"Clutch"-ing at straws - theterranaut
(This is probably more technical, but has a strong discussion slant, so I posted here friendly mod...)

Well, I took the plunge and picked up a Mondeo. Tdci, 130bhp. So thats pretty much the whole collection I've had- Ka, Fiesta (numerous models), Focus, C-Max, and now Mondeo.

The dealer, who was based in Leeds (I'm near Glasgow) was upfront about the car- its had some work to it over its 7 year history. The major worry for me was the fact that the clutch, flywheel and starter were replaced only 2000 miles ago, but as this work came with a receipt, all seemed well.

Test-drive was fine, car was in fine nick for a 7 year old, so I bought it. All seemed well, but then, about 100 miles into the journey home, I noticed that accelerating reasonably hard in 5th gear from about 45mph provoked an odd shudder through the car.
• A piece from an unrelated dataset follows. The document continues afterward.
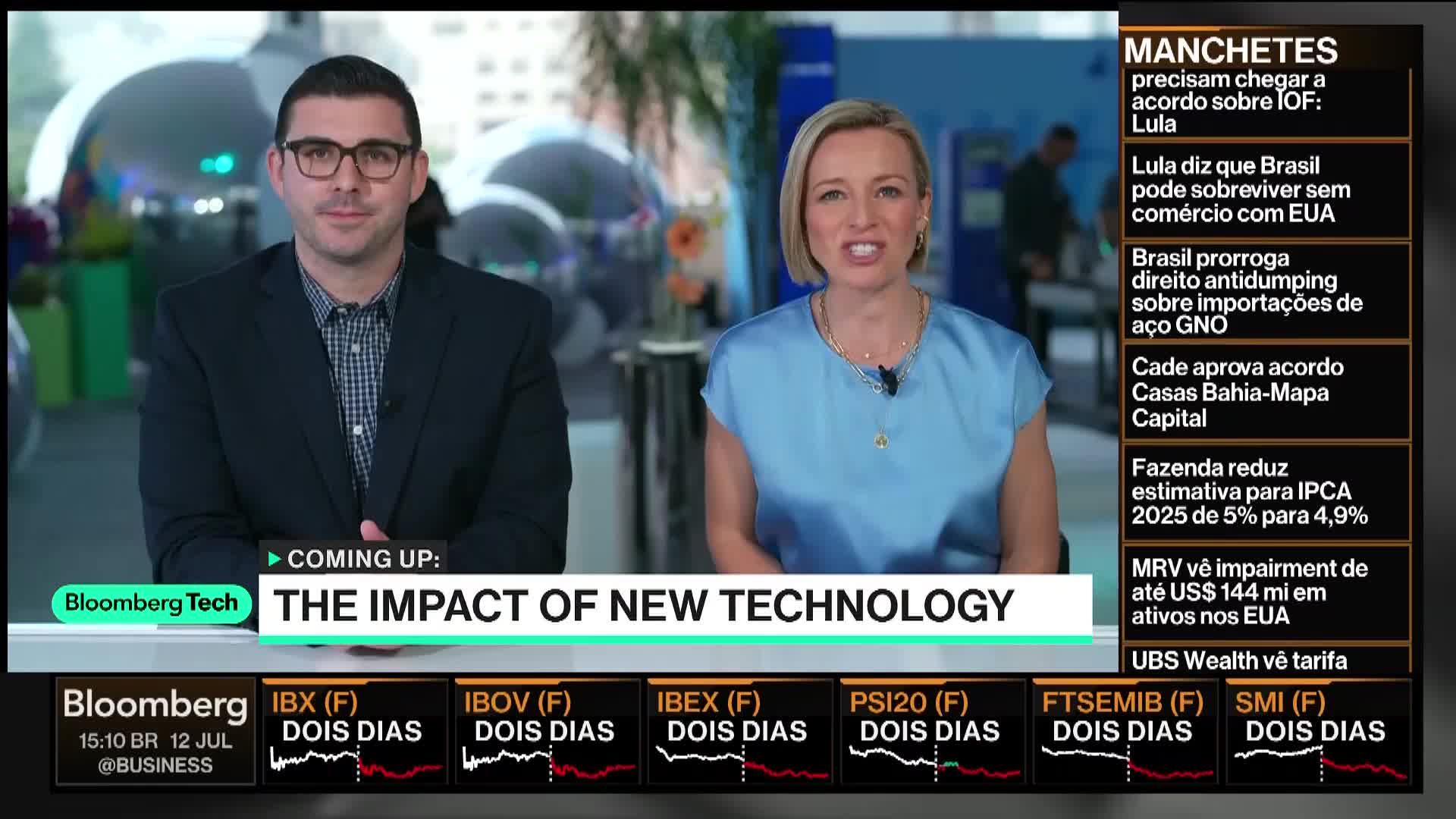 Two presenters on Bloomberg Tech are looking directly at the camera, discussing "The Impact of New Technology." A news ticker runs along the bottom, and a sidebar with financial headlines is visible on the right.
Odd, I thought, probably hit a pothole and dinged a wheel or similar.

Imagine my surprise, dear reader, when my local garage tell me that the shudder is definitely not suspension or wheels but is the clutch. I see from the receipt that the garage who fitted it appeared to use a DMF and presumably the attendant bits that go with it.

Its going to be such a hassle sorting this out. PITA. Can a newly-fitted clutch and flywheel really start to fail this fast?

cheers

tt

Edited by theterranaut on 27/03/2009 at 16:13

"Clutch"-ing at straws - Lud - Lud
What a pain tt. The receipt should help, surely?
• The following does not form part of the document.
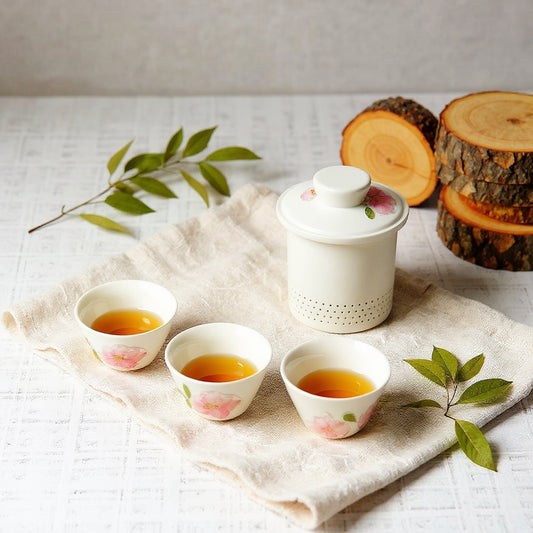 Frosted porcelain gaiwan and teacups with embedded dried flowers on a minimalist natural table setting.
I seem to remember that aftermarket kits are available for some Fords to replace the dmf with a conventional solid flywheel. If I were you I would be investigating this. Cheaper than a dmf too so the dealer might be cooperative...

Edited by Lud on 27/03/2009 at 16:19

"Clutch"-ing at straws - Lud - theterranaut
Yeah, I met well do that Lud. Local garage has suggested that I-

-get the car inspected and reported at a Ford dealers (their reason being that, if they were in this position and another garage called them on their work, they wouldn't necessarily trust the opinion, whereas Ford should presumably be authoritative)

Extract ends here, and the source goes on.